Para quienes no tuvimos la oportunidad de leer Un incendio invisible (Premio Málaga 2011) en su momento, es un regalo poder leer ahora la nueva edición corregida de la novela de Sara Mesa (Madrid, 1976) que ha publicado Anagrama.
Regalo, sí, por el placer dolorido que nos proporciona su lectura, y regalo porque nos aporta claves, indicios y fundamentos de la mirada, el estilo y el programa literarios de la autora, como ella misma reconoce en su nota introductoria. Como lector entusiasta de Mala letra (2016), podría volver a recoger ahora lo esencial de los comentarios que hice aquí a propósito de los once relatos de Mesa.
Estamos en Vado, una ciudad en pavorosa decadencia que se está yendo al garete, abandonada por sus habitantes. Y a la residencia de ancianos New Life llega un nuevo director, el doctor Tejada, con la maleta de un oscuro pasado.
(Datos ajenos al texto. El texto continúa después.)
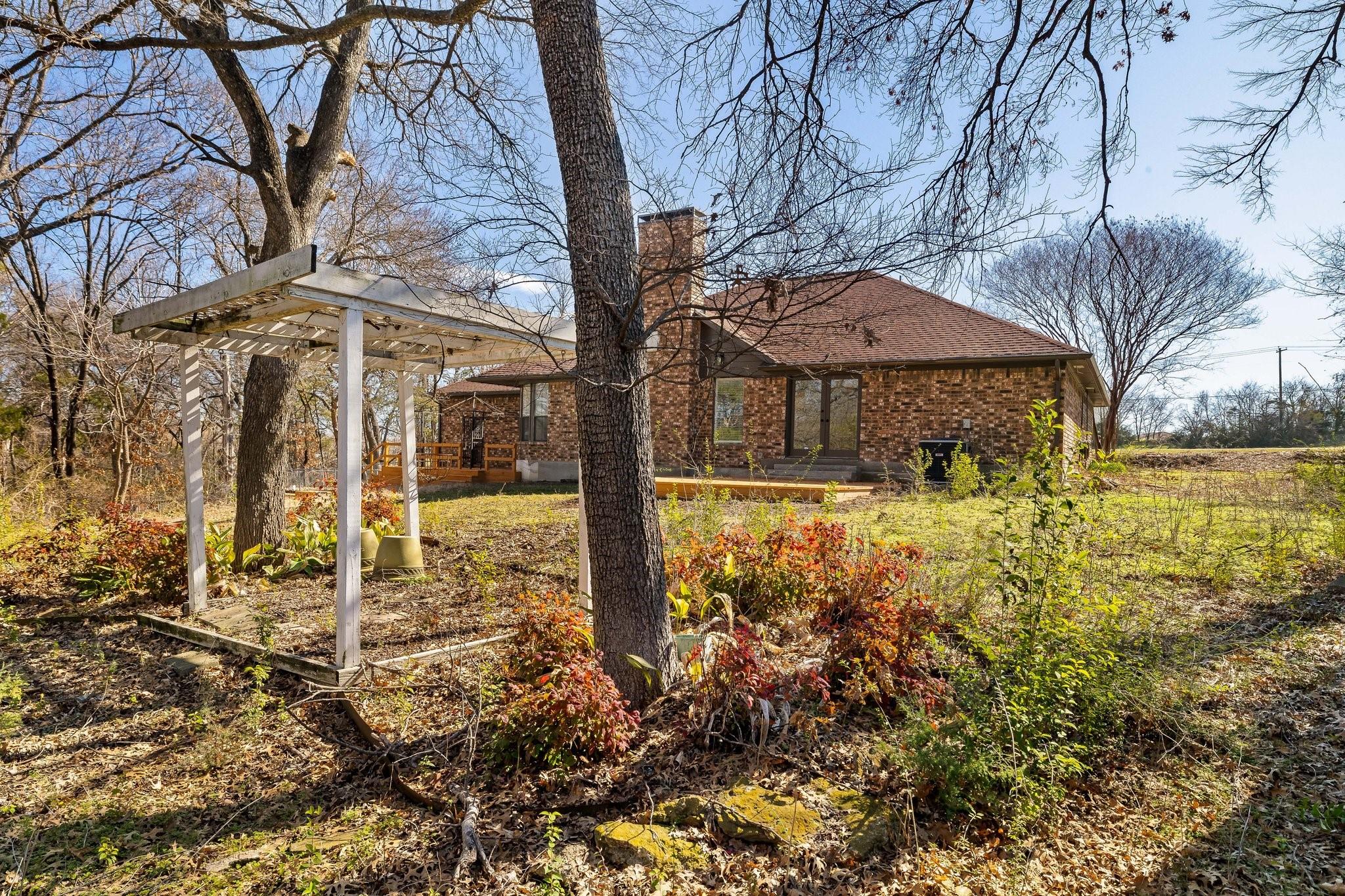 main property photo 36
En un desolado paisaje urbano periférico, la residencia será el escenario principal de una acción que parece abocada a un estallido apocalíptico, bíblico.
Estamos en el presente, en un presente de crisis económica y moral reconocible, pero Mesa lo describe, en el límite de lo verosímil, como si se tratara de un futuro distópico. Eso supone la afirmación de un punto de vista, de un veredicto: ese futuro distópico ya ha llegado, ya está aquí. Ni hay esperanza ni hay que esperar muchos más acontecimientos para convencerse de que estamos ya en un mundo en ruinas materiales y morales, que ha llegado el hundimiento, el paisaje físico y espiritual de lo roto, lo abandonado, lo desechado, lo sucio, lo saqueado, lo inmundo. Un mundo inmundo.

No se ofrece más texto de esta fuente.